Caption-style text data:
Segment Open

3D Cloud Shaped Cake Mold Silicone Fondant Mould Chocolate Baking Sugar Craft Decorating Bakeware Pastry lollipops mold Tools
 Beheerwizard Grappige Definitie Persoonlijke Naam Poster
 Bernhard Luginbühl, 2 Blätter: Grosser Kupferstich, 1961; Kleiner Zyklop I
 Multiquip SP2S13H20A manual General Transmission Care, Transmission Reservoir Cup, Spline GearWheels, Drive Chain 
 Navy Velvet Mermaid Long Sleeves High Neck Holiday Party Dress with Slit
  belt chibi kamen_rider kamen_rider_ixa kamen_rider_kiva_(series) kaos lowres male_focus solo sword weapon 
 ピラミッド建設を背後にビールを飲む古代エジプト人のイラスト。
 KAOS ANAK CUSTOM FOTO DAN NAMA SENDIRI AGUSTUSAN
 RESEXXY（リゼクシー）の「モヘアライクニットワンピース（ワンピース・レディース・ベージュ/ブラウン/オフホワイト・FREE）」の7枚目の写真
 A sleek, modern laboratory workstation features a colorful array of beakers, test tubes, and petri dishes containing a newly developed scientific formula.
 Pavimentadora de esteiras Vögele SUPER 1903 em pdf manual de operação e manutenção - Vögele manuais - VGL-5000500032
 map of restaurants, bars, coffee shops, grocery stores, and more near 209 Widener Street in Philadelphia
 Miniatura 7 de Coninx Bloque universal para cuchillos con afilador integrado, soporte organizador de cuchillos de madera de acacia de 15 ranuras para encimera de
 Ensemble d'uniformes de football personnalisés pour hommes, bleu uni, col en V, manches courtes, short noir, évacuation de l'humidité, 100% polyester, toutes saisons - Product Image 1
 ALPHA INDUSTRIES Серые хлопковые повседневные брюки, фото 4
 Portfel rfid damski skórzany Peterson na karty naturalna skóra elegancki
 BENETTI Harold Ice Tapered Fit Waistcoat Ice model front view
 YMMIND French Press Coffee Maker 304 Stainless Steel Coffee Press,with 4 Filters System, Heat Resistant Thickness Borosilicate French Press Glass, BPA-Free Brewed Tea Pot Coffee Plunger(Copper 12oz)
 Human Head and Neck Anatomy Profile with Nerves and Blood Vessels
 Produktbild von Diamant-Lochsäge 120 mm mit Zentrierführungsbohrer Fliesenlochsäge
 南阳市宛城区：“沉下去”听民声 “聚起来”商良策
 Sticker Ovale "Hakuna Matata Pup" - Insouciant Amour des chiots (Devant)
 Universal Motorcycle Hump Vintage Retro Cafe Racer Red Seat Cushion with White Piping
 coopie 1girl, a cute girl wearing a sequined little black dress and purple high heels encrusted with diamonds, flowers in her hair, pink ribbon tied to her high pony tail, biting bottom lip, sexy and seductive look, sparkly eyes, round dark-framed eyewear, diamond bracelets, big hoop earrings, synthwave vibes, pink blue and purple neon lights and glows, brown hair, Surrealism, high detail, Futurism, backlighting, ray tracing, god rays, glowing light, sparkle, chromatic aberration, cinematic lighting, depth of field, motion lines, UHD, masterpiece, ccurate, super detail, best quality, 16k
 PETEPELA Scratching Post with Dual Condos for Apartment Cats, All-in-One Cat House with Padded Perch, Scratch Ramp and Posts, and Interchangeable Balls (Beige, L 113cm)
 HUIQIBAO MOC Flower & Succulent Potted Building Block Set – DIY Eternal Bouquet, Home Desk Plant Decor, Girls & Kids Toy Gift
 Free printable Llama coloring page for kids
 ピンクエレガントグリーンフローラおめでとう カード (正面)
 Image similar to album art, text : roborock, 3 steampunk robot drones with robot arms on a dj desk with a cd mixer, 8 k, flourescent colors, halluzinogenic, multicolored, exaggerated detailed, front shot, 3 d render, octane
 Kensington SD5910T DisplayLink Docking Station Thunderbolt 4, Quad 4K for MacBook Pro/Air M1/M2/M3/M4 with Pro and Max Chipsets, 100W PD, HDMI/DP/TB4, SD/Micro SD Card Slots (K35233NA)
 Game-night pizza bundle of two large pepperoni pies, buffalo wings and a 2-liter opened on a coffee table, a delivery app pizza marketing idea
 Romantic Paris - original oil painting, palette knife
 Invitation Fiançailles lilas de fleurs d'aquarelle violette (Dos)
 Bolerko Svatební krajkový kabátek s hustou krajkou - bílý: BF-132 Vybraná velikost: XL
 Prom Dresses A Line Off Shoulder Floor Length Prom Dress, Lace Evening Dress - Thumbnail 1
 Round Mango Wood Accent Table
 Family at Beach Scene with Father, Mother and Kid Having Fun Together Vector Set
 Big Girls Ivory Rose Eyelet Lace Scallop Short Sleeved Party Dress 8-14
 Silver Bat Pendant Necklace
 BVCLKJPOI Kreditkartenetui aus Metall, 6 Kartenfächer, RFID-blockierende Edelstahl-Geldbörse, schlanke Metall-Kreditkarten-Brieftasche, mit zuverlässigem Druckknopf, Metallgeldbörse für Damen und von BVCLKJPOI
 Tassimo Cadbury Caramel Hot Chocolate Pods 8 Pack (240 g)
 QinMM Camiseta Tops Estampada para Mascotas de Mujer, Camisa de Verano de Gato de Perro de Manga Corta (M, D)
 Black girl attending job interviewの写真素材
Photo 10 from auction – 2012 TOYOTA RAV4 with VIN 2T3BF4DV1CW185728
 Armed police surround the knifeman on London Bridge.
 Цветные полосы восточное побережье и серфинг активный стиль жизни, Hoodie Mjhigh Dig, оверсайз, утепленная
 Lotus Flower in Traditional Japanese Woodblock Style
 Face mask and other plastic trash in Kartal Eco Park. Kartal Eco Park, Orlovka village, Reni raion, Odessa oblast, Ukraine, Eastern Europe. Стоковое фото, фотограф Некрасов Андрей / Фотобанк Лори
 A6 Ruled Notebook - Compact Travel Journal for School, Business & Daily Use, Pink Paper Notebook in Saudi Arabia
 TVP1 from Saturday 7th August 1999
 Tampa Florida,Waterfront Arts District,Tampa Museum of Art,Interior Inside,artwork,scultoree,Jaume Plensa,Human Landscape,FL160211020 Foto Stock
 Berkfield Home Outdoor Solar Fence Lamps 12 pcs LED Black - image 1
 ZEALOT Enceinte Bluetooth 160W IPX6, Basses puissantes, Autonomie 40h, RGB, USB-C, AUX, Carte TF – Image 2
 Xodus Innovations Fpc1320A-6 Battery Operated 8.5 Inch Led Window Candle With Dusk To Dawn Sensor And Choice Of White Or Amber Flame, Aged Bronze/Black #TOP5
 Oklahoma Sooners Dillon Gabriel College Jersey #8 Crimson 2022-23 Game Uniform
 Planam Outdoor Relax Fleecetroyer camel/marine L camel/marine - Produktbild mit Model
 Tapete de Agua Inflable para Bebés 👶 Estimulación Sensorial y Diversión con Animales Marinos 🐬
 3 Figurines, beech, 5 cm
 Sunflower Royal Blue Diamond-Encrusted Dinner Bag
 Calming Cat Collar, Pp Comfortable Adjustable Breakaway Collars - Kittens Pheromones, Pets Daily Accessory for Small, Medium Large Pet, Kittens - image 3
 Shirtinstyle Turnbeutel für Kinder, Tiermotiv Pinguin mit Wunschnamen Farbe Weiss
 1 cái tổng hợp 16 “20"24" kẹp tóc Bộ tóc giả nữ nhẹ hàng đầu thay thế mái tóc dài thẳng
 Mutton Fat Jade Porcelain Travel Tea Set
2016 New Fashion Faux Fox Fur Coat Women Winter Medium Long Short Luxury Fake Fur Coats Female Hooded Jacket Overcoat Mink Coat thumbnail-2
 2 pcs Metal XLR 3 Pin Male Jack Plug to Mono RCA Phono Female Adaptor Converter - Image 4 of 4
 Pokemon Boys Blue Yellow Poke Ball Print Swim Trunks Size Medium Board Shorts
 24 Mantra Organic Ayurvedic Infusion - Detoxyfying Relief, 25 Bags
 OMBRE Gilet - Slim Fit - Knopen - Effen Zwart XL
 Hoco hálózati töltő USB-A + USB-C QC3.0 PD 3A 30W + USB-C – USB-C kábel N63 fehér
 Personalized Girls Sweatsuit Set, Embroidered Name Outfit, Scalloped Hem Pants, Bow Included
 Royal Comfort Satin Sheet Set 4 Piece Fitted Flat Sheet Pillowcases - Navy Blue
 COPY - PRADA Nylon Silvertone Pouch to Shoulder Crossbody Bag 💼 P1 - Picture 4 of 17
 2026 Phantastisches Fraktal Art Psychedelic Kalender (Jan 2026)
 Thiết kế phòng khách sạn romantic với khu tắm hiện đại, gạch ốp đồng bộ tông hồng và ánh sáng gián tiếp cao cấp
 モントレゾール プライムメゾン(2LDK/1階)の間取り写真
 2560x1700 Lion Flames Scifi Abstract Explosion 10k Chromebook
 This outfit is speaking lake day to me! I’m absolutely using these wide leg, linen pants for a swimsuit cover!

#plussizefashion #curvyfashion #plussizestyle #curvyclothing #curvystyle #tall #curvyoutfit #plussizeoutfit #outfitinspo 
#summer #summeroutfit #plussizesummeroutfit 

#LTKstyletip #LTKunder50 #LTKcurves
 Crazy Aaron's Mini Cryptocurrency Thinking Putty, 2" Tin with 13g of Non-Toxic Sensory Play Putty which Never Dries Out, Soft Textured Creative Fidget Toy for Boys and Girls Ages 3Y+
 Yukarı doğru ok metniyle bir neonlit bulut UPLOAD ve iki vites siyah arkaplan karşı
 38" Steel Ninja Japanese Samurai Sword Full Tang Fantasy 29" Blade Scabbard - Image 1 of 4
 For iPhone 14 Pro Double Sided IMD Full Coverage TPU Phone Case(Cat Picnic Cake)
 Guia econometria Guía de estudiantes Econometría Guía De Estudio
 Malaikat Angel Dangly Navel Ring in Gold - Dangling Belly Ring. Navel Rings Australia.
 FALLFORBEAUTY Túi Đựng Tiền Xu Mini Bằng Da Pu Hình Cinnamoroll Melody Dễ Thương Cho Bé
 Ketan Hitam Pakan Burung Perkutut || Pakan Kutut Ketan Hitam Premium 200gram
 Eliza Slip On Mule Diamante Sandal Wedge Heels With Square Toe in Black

Segment Closed

All lines from the opening of the records through the line where "RESEXXY（リゼクシー）" occurs are to be output verbatim. No other line belongs in the answer.

Reply to the exercise:
3D Cloud Shaped Cake Mold Silicone Fondant Mould Chocolate Baking Sugar Craft Decorating Bakeware Pastry lollipops mold Tools
 Beheerwizard Grappige Definitie Persoonlijke Naam Poster
 Bernhard Luginbühl, 2 Blätter: Grosser Kupferstich, 1961; Kleiner Zyklop I
 Multiquip SP2S13H20A manual General Transmission Care, Transmission Reservoir Cup, Spline GearWheels, Drive Chain 
 Navy Velvet Mermaid Long Sleeves High Neck Holiday Party Dress with Slit
  belt chibi kamen_rider kamen_rider_ixa kamen_rider_kiva_(series) kaos lowres male_focus solo sword weapon 
 ピラミッド建設を背後にビールを飲む古代エジプト人のイラスト。
 KAOS ANAK CUSTOM FOTO DAN NAMA SENDIRI AGUSTUSAN
 RESEXXY（リゼクシー）の「モヘアライクニットワンピース（ワンピース・レディース・ベージュ/ブラウン/オフホワイト・FREE）」の7枚目の写真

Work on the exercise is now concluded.